Ya la fiesta estaba boquera. Apretándose la barriga todos en cas, menos el chanchito, los Pilarte habían economizado lo bastante para alistar una fiesta como a ellos les gustaba: con bombas y cohetes, música, comilona y tragos. Tampoco faltaron algunos allegados que con solicitud y oportunidad de verdaderos amigos, se aparecían en la Ñoca, y diciéndole a Pancho: -“Hombre, para San Antonio”, presentaban su contribución para la celebración, que podía ser desde un litro de aguardiente o una gallina hasta un cortecito para los estrenos.

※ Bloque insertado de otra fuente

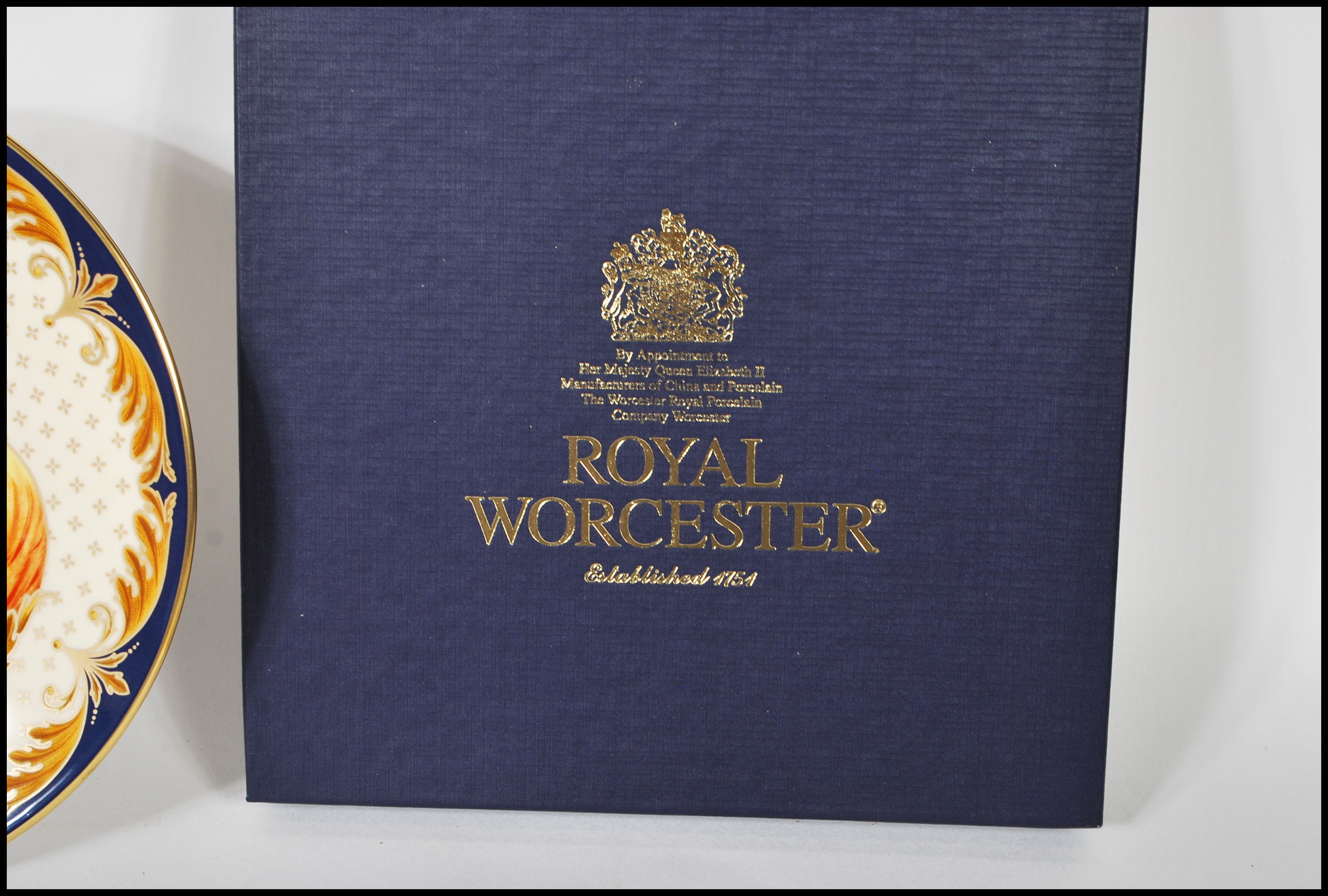 A collection of items to include a Royal Mint Comm - Image 4 of 6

La Paya, en el último viaje de Pancho a San Carlos, le encargó una botella de Vermú, para las señoras.

De ordinario, Pancho viajaba solo en su bote, apostando con el río cuando plácidamente se deslizaba aguas abajo; canaleteando bravamente cuando le tocaba ir corriente arriba. Su gozo era grande durante toda aquella temporada de preparativos y como todos los viajero del San Juan, el amigo Pilarte se allanaba al deseo que se le viene a uno de platicar con el río: -“Dejame llegar temprano, viejó”, -le decía puesta la vista sobre las cambiantes aguas cuando el caudal de estas parecía oponerse a su paso. O monologaba con base de que el río lo estaba oyendo: -“Vas a ver… Vas a ver gentío, y vas a oír cohetes… y va a faltar campo en el atracadero de La Ñoca para tanto bote”. Y una tardecita, cuando un cardumen de tiburones iba escoltando su bote, cosa usual en las aguas profundas del San Juan, Pancho, sin alarma, sin rencor por las aviesas intenciones de las fieras, mas bien entre guasón y burlesco, se dirigió a ellos categóricamente: -“A ustedes no los invito, bien pueden largarse a la bocana”.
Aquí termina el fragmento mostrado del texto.